The US Air Force is hoping to upgrade its fleet of Lockheed Martin F-16 Fighting Falcon "aggressors" so that those aircraft can better replicate enemy fighters, the service's Air Combat Command (ACC) says.
"To date, generally, it is considered that the aggressors under-replicate the current threat," says Major Gary Barker, the ACC training operations division's F-16 functional area and realistic training manager. "It's very difficult for the aggressors to provide the threat picture that we think we would see in near-peer combat."
In an effort to rectify the problem, ACC hopes to upgrade the older Block 30 and 32 F-16s used by the 18th and 64th Aggressor Squadrons to the System Capabilities Upgrade-8 (SCU-8) configuration, Barker says. SCU-8 will allow the USAF to incorporate a helmet-mounted cueing system and a new center display unit, which Barker describes as having functionality similar to an Apple iPad.
"With that, you can simulate missile WEZs [weapons employment zones] and provide more accurate cueing real-time that can aid in kill removal and weapons assessment airborne," Barker says.

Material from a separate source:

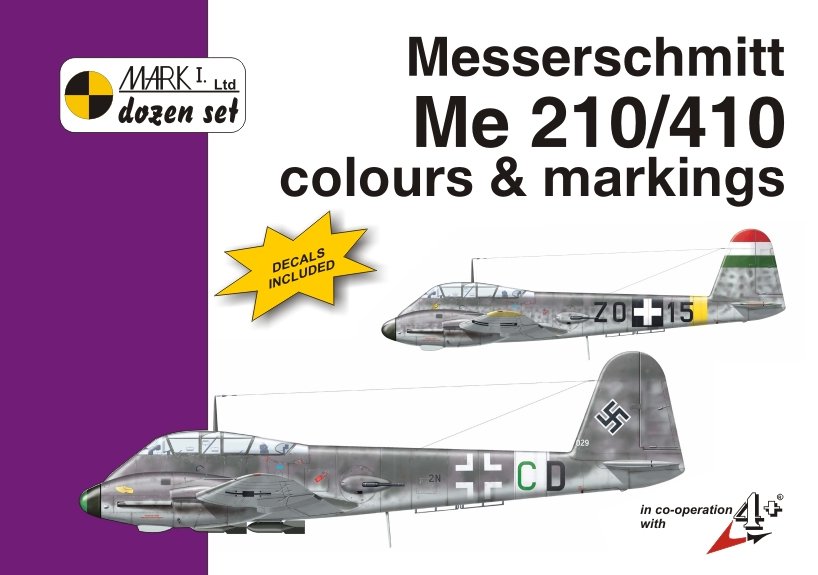 Publ. Messerschmitt Me 210/410 C&M (1/48 decals)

Right now, when an aggressor F-16 is replicating an enemy fighter like a Sukhoi Su-30 Flanker, it does not have an onboard system to simulate a weapon like the Vympel R-73 (NATO: AA-11 Archer). "We do not have an IR [infrared] weapon on the aircraft that is similar to an Archer," Barker says. "So the F-16 pilot will use visual references that he has memorized to determine when the adversary airplane is in range and within the appropriate look angle."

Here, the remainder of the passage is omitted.